─── Supplied material ───

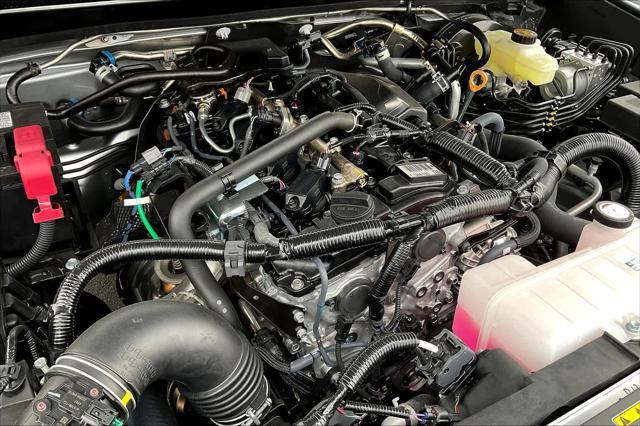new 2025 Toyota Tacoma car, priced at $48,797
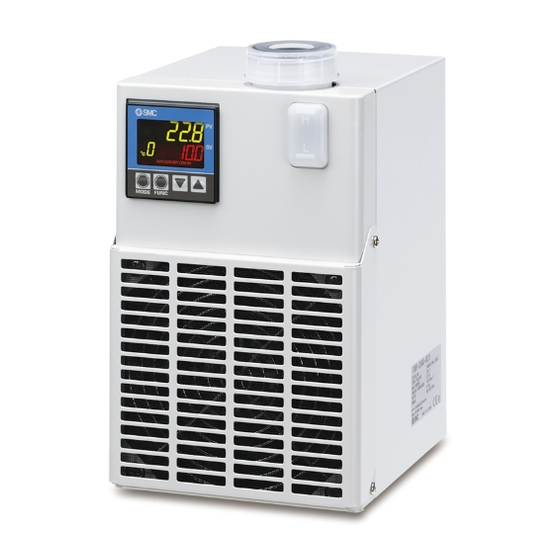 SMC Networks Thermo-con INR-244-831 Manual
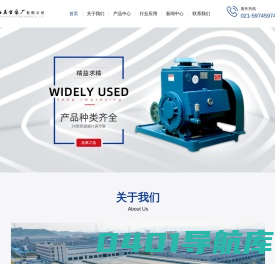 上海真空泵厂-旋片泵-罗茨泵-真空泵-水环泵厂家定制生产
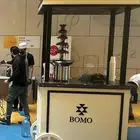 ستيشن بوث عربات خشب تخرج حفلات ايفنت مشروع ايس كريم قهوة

───
─── Supplied material ───

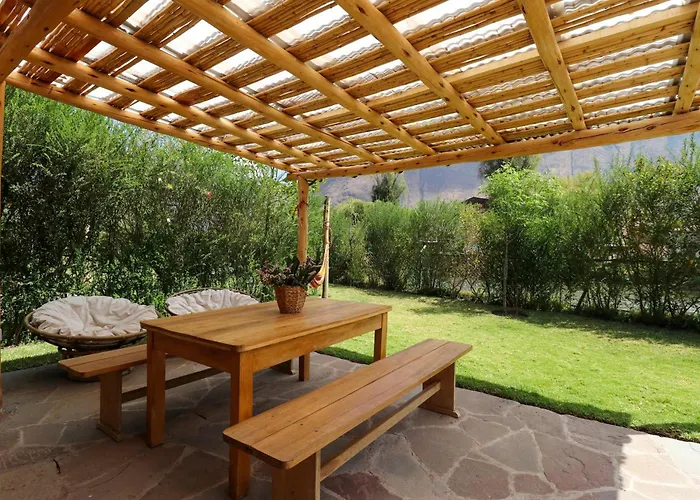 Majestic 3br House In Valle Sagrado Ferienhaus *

───
─── Supplied material ───

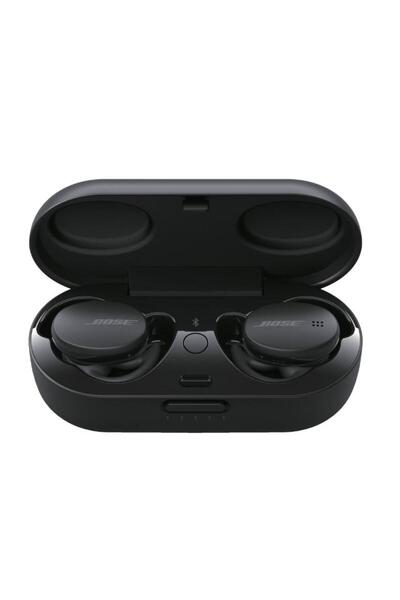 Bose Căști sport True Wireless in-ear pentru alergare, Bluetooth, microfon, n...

───

Exercise goal: Output exactly the lines above that lie between the line with "SMC Networks Thermo-con INR-244-831 Manual" and the line with "ستيشن بوث عربات", those two lines included, and no pictures.

Result of this task:
 SMC Networks Thermo-con INR-244-831 Manual
 上海真空泵厂-旋片泵-罗茨泵-真空泵-水环泵厂家定制生产
 ستيشن بوث عربات خشب تخرج حفلات ايفنت مشروع ايس كريم قهوة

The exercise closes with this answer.